[Column eerder verschenen in Friesch Dagblad op 15 februari 2019]
Windpark Fryslân is een groot project van 89 windturbines dat door private ondernemers wordt aangelegd in het noorden van het IJsselmeer. De Provincie Fryslân heeft aangegeven een financieel belang in het park na te streven. Daarvoor is een bedrag van maar liefst 127 miljoen opzij gezet.
Dat de Provincie Fryslân besluit dat het in het algemeen belang nodig is deel te nemen in een windpark dat zichzelf prima kan financieren is vreemd. Maar in het beste geval kan je zeggen dat het de mogelijkheid biedt invloed aan te wenden in een project dat een grote impact heeft op het beleven van ruimte en rust.

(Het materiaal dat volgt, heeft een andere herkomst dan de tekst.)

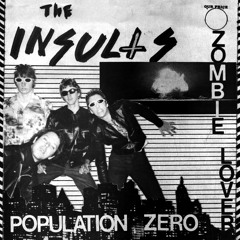 The Insults - Population Zero - HAW-032 - Last Laugh Records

Natuurlijk, geld is ook een drijfveer. Het park verwacht een enorme subsidie van de Rijksoverheid te krijgen. Dat zo een deel van de winst zo in de provincie blijft, lijkt een nuttige bijkomstigheid.

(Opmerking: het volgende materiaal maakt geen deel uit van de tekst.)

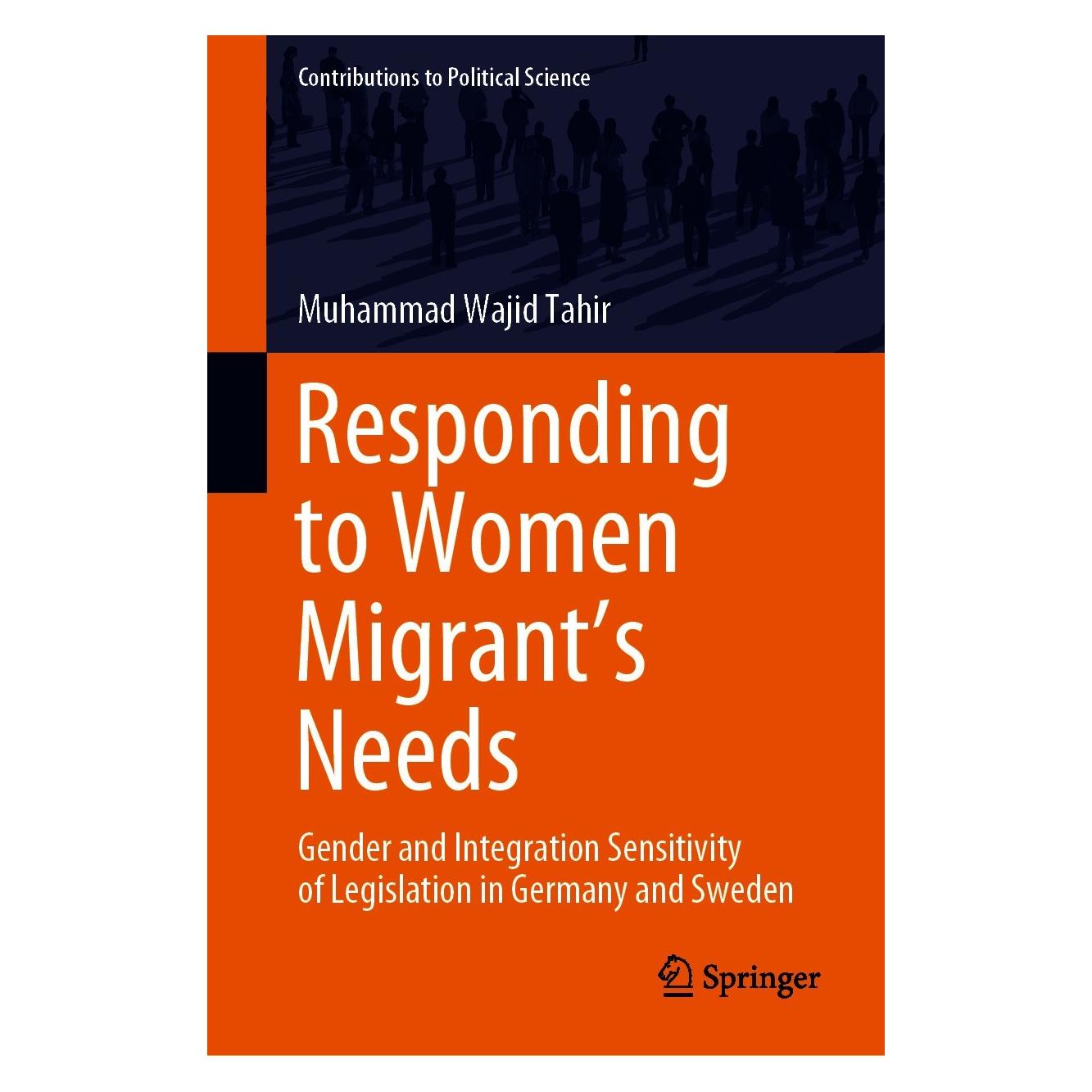 Springer Responding to Women Migrant's Needs (Englisch, Hardcover, Muhammad Wajid Tahir) (9783030637347)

De Provincie heeft deze maand een plan aan de Staten voorgelegd onder het mom van burgerparticipatie. In het plan kunnen Friezen – met alle risico’s die daar aan kleven – ook deelnemen in het project. Burgers kunnen veelvouden van 500 euro inleggen in de vorm van een obligatielening. De vrijwilligers van energie-initiatieven moeten deze leningen lokaal als wederverkopers aan de man brengen.
De claim van gedeputeerde De Rouwe dat lokale energiecoöperaties staan te trappelen om dit windpark te omarmen staat loodrecht op mijn waarneming. Sterker nog, ik denk dat dit het het laatste is waar lokale gemeenschappen op zitten te wachten.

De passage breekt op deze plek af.